I have worked out the proof for this question but wanted to check if my intuition also holds here. Please see below for the brief proof and then my proposed explanation:
For a continuous random variable, $X$, with cdf, $F(x)$, then if we define a continuous random variable
$ U = F(X)$, then $U \thicksim U(0,1)$
For the proof, we need to show that $P(U \le u) = u$
$F(U) = P(U \le u)\\ = P(F(X) \le u)\\ = P\big(F^{-1}\left(F(X)\right) \le F^{-1}(u)\big)\\ = P\big(F^{-1}(U) \le F^{-1}(u) \big)\\ = F\big( F^{-1}(U)\big)\\ = u $
My question relates to whether this argument holds and I would appreciate if someone could explain if it doesnt:
$U \thicksim (0,1)$ and since (i) $u \in [0,1]$ and (ii) $F(U)$ is monotonic increasing, then $F(U) = P(U \le u) = u$
I am sure this probably isn't correct but would really appreciate if someone could point out where this does not hold as I rationalised this before solving the actual equation, so feel it was a more intuitive understanding.
Thanks a lot!
IF $F$ is strictly monotone increasing, the argument of the OP is correct.
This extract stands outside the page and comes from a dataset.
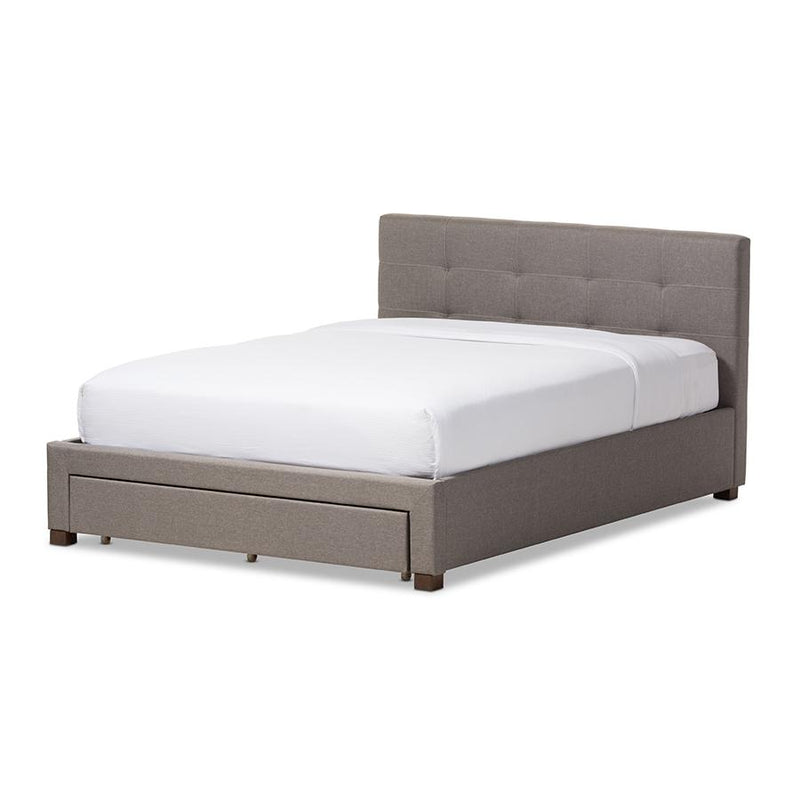 Grey Fabric Upholstered King Size Platform Bed with Storage Drawer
If not, then we have to consider the alternative to $F^{-1}$. This can be achieved by using the quantile function of $X$. $$ Q(t)=\inf\{x\in\mathbb{R}: F(x)\geq t\}\quad\text{where}\quad 0<t<1$$
It can be proven that $$ F(x)\geq t\qquad\text{if and only if}\qquad Q(t)\leq x$$ This equivalency implies that $F(Q(t))\geq t$ in general. However, if and that $F$ is continuous at $Q(t)$, then for any $s<Q(t)$, $F(s)<t$. Taking limit as $s\nearrow Q(t)$ gives $F(Q(t))=t$.
Since $F$ is continuous by assumption, $F(x)=\lim\limits_{y\nearrow x}F(y)=F(x-)$ for all $x\in\mathbb{R}$. Therefore, if $U=F(X)$ $$\begin{align} P[U<u]=P[F(X)<u]=P[X<Q(u)]=F(Q(u))=u \end{align}$$ This is enough to conclude that $U$ is uniform distributed over $(0,1)$.